* _WHAT TO DO_: In the entries below, locate the line with "71gJt4r09kL._AC_UF1000,1000_QL80_", then give again that line and all lines after it, exactly, with pictures omitted.

(Collected data entries)

__________________________________________________

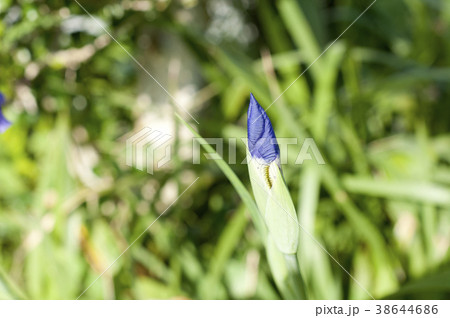 一初の蕾 38644686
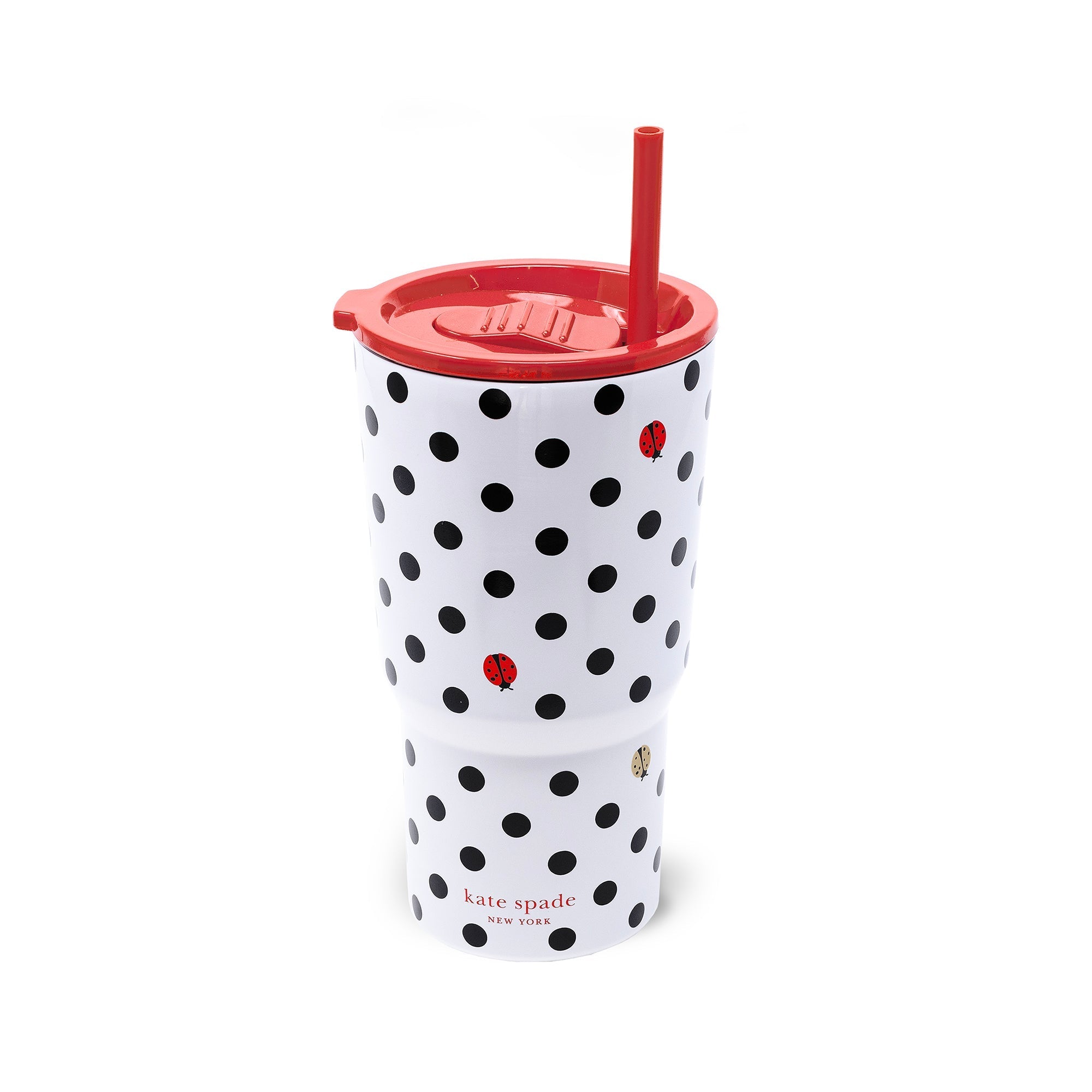 Stainless Steel 20 oz. Tumbler, Ladybug Dot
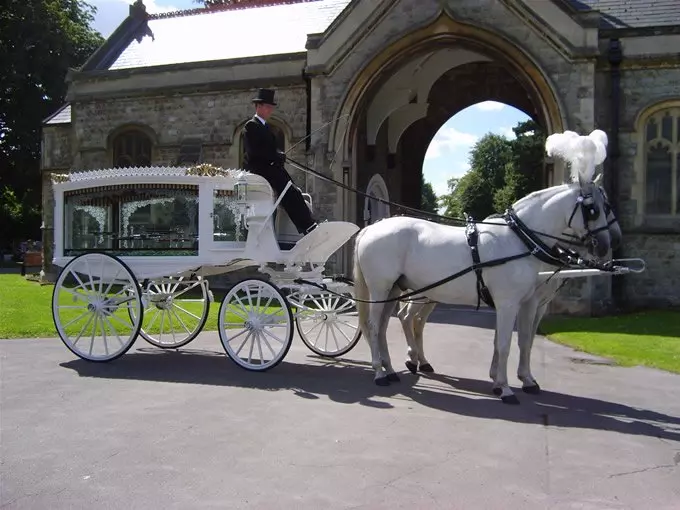 Wedding Horse & Carriage Canvey Island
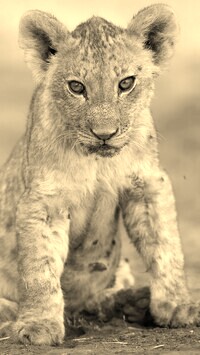 Szary + Sepia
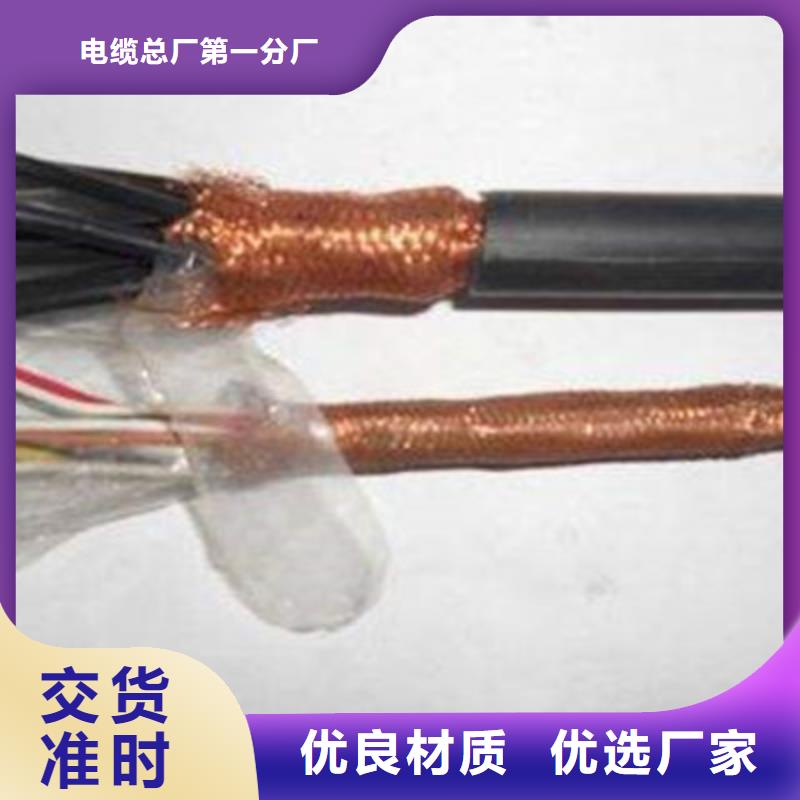 重信譽NH-SWAOS耐火計算機電纜供應廠家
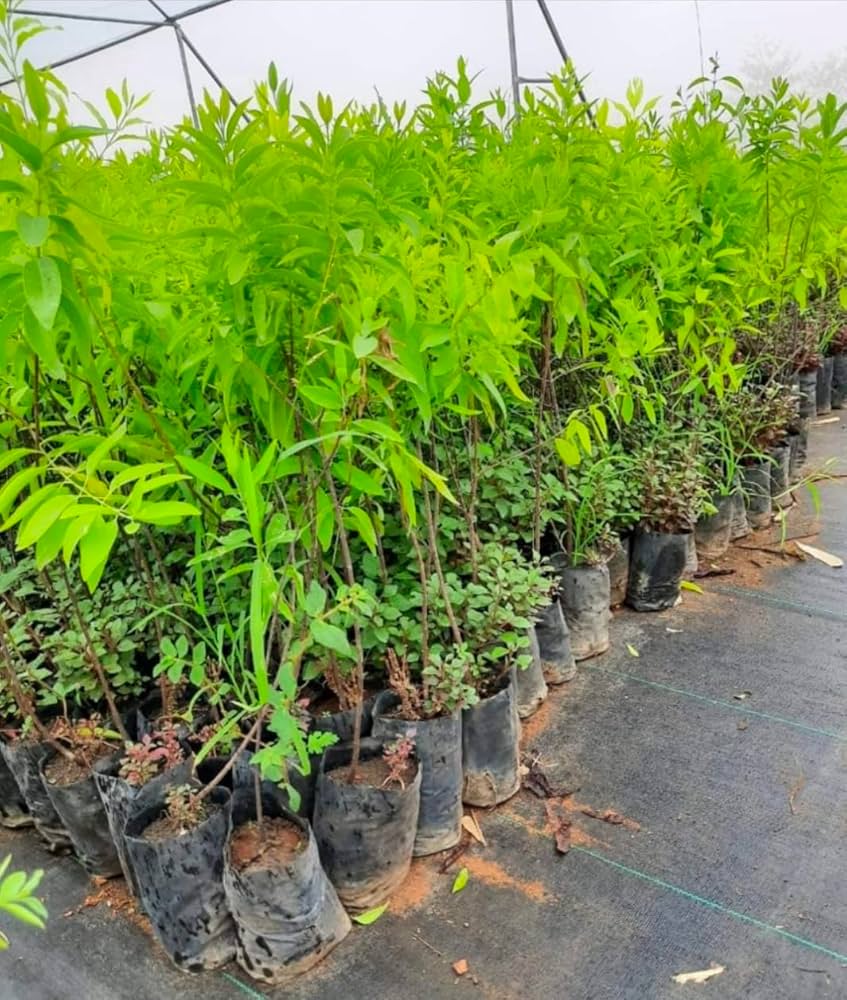 71gJt4r09kL._AC_UF1000,1000_QL80_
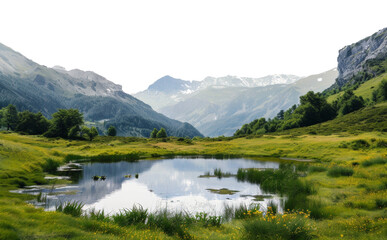 Fototapeta na wymiar Tranquil mountain lake surrounded by wildflowers and lush greenery, cut out - stock png.
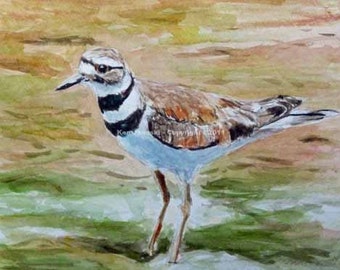 Killdeer at Morris Arboretum 2011 Watercolor Painting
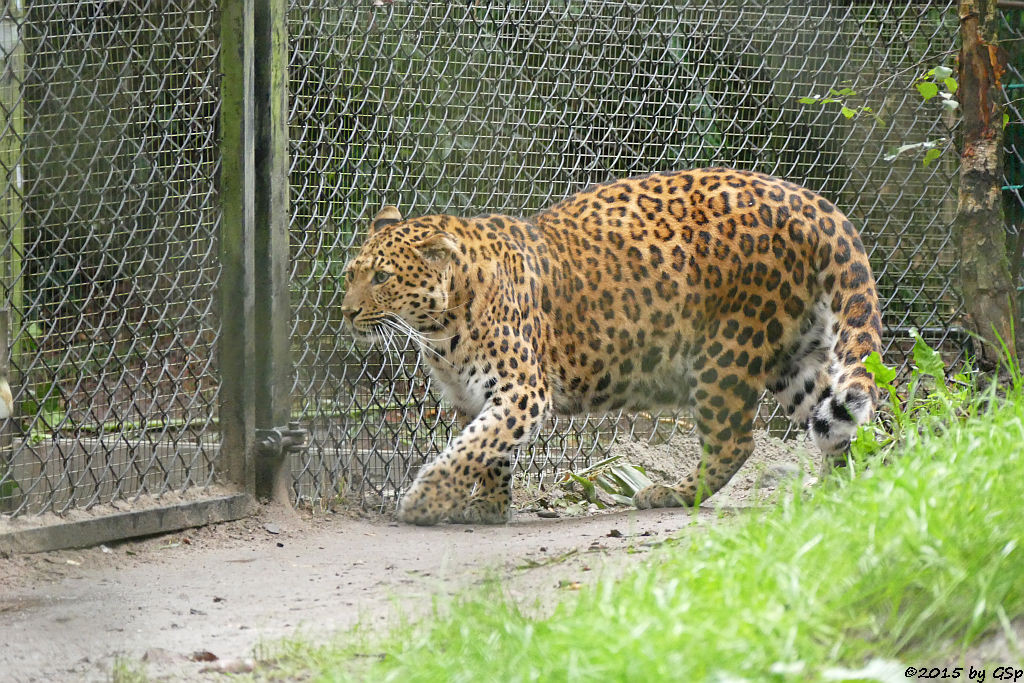 Chinaleopard (Nordchinesischer Leopard)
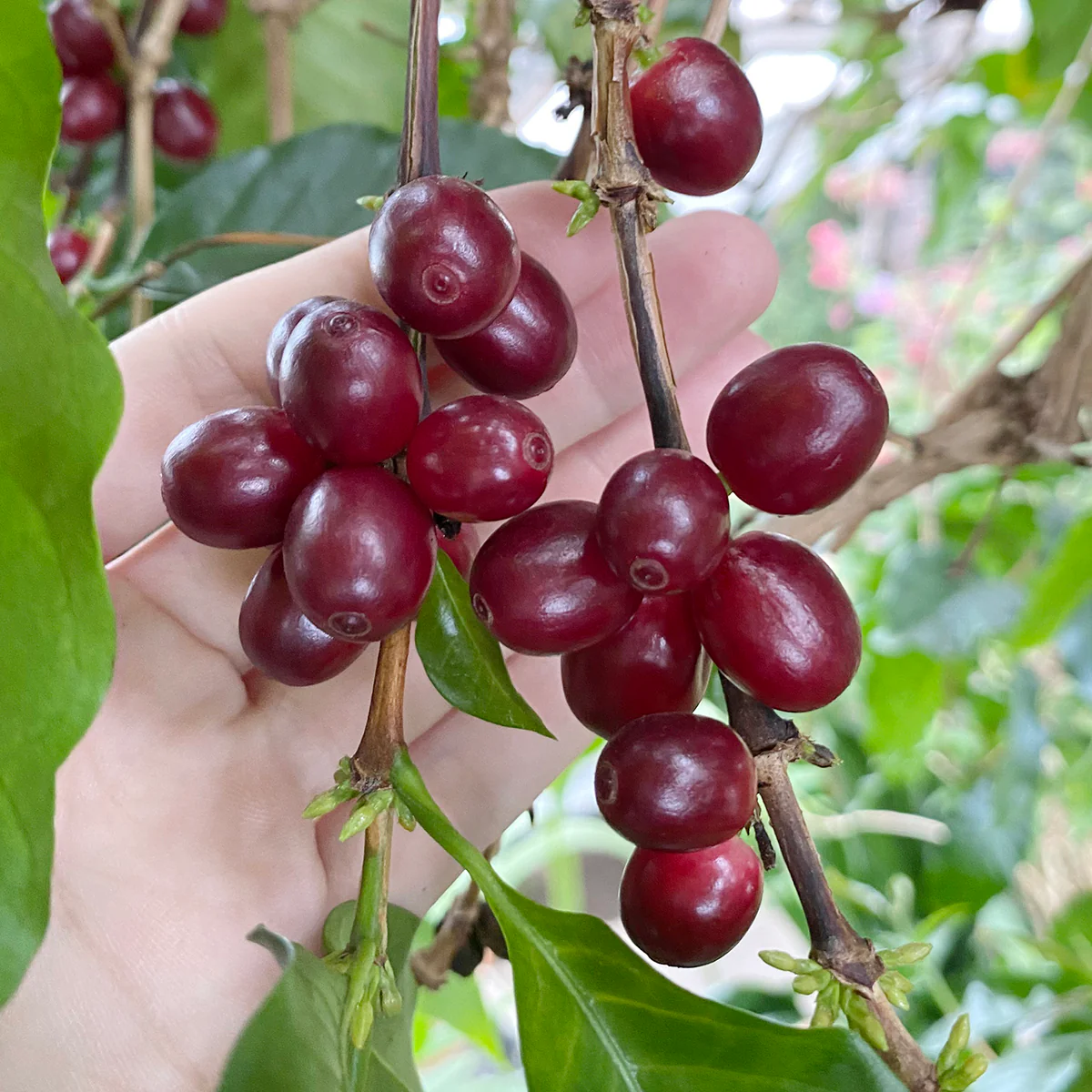 Coffee Plant (Coffea arabica) - Image 3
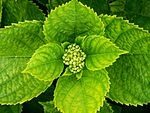 Bud and leaves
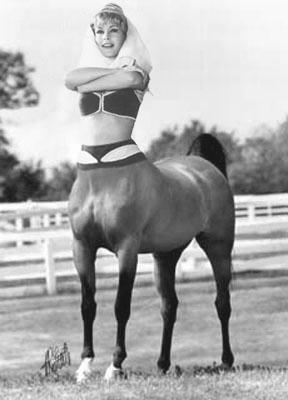 Jeannietaur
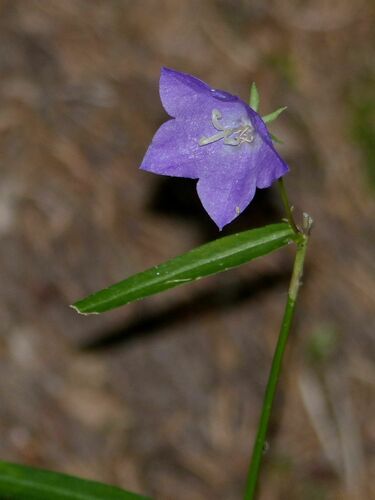 Didžiažiedis katilėlis nuotrauka
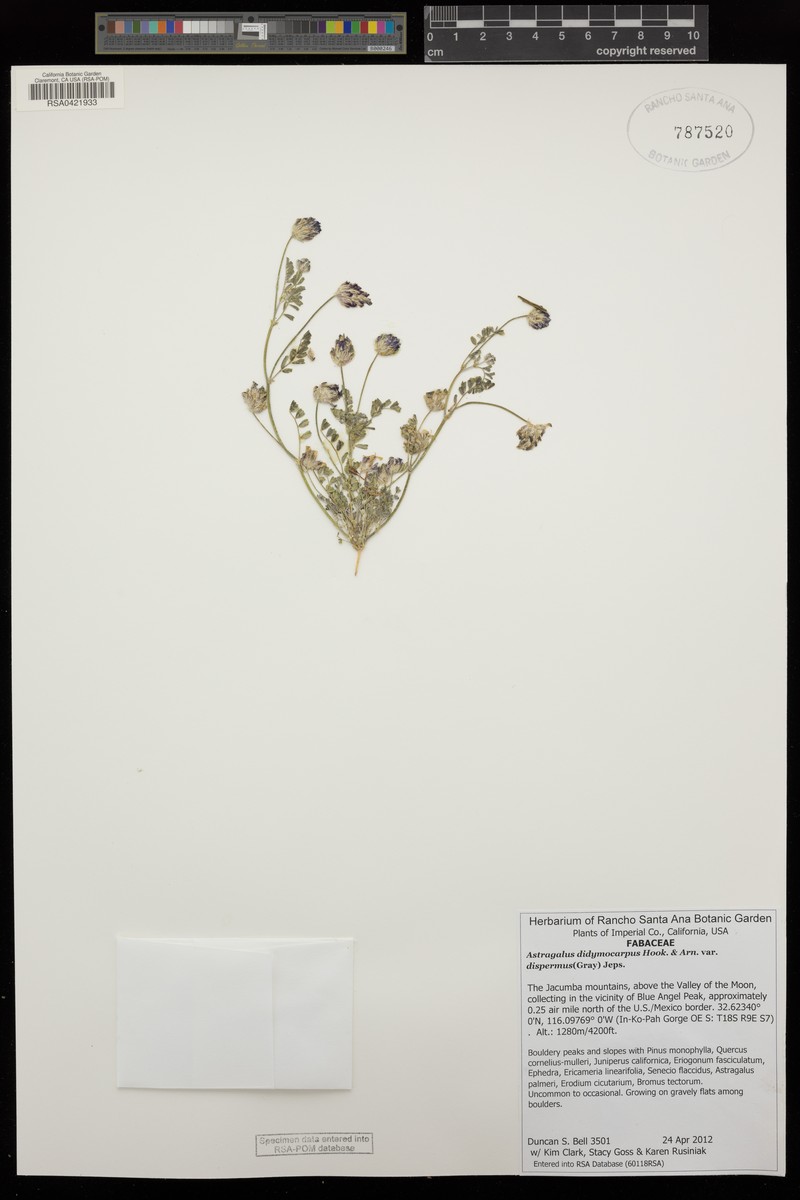 Astragalus didymocarpus var. obispoensis photo 3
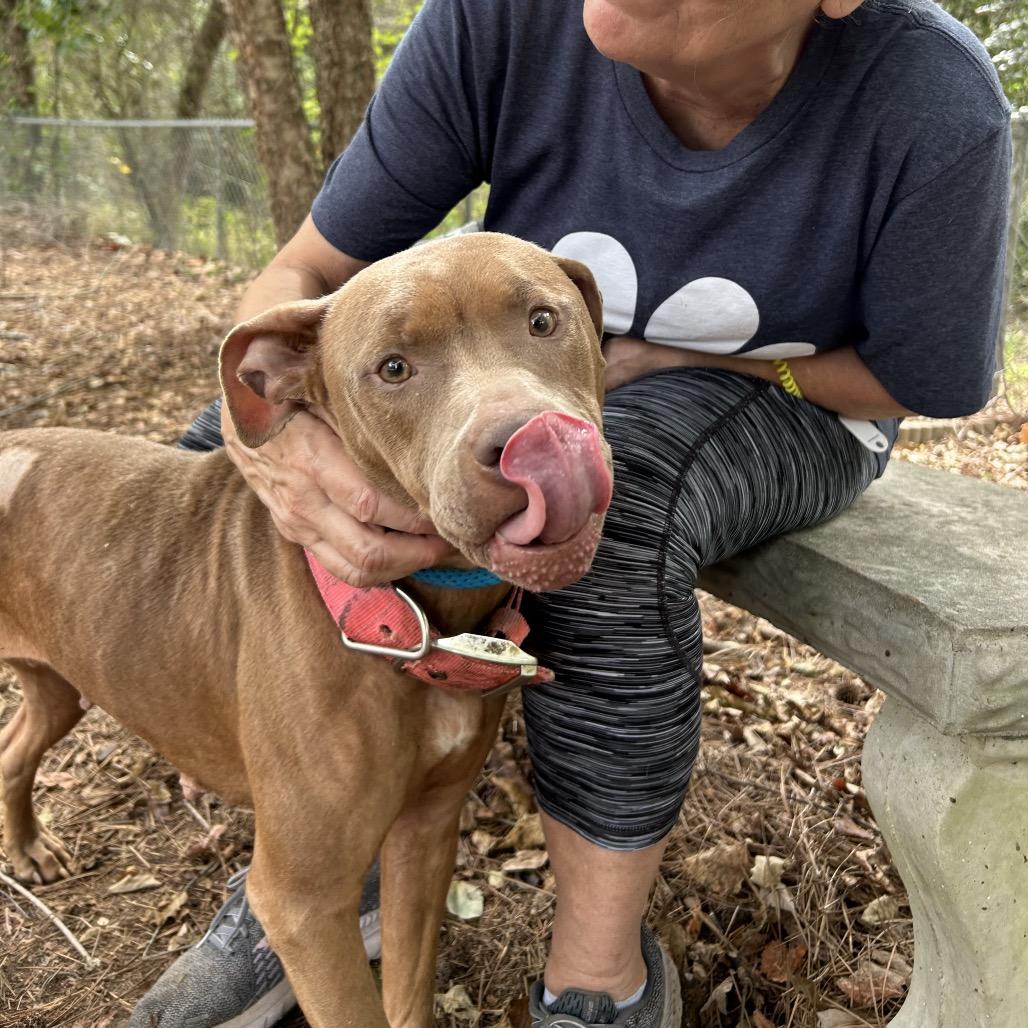 Enlarge Angelica 1060, a Adoptable Mixed Breed in Columbus, GA image 2/6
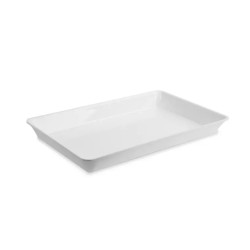 Plexi tray GN 1/1 50 container White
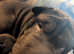 1 year old Shar pei for sale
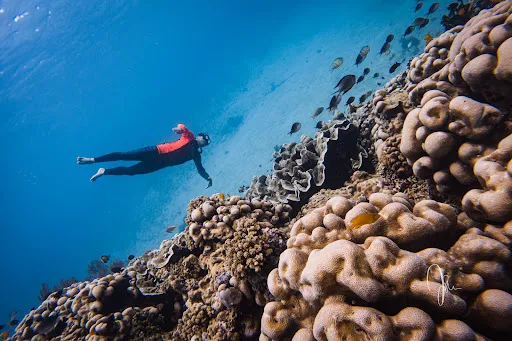 OUSIA Freediving Academy 1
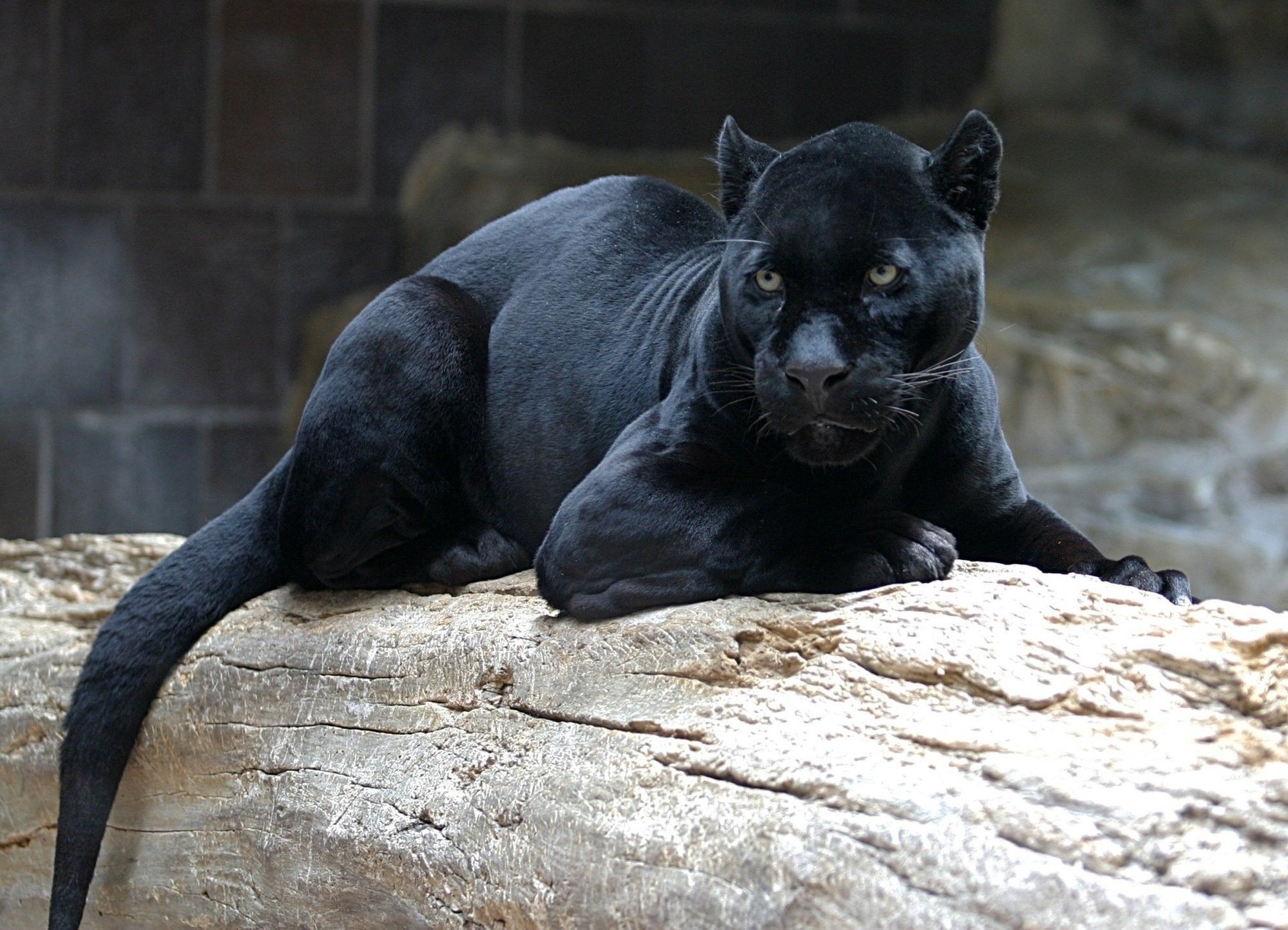 pantera su un tronco nero giace selvaggio gatto muso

__________________________________________________

* _TASK ANSWER_:
 71gJt4r09kL._AC_UF1000,1000_QL80_
 Fototapeta na wymiar Tranquil mountain lake surrounded by wildflowers and lush greenery, cut out - stock png.
 Killdeer at Morris Arboretum 2011 Watercolor Painting
 Chinaleopard (Nordchinesischer Leopard)
 Coffee Plant (Coffea arabica) - Image 3
 Bud and leaves
 Jeannietaur
 Didžiažiedis katilėlis nuotrauka
 Astragalus didymocarpus var. obispoensis photo 3
 Enlarge Angelica 1060, a Adoptable Mixed Breed in Columbus, GA image 2/6
 Plexi tray GN 1/1 50 container White
 1 year old Shar pei for sale
 OUSIA Freediving Academy 1
 pantera su un tronco nero giace selvaggio gatto muso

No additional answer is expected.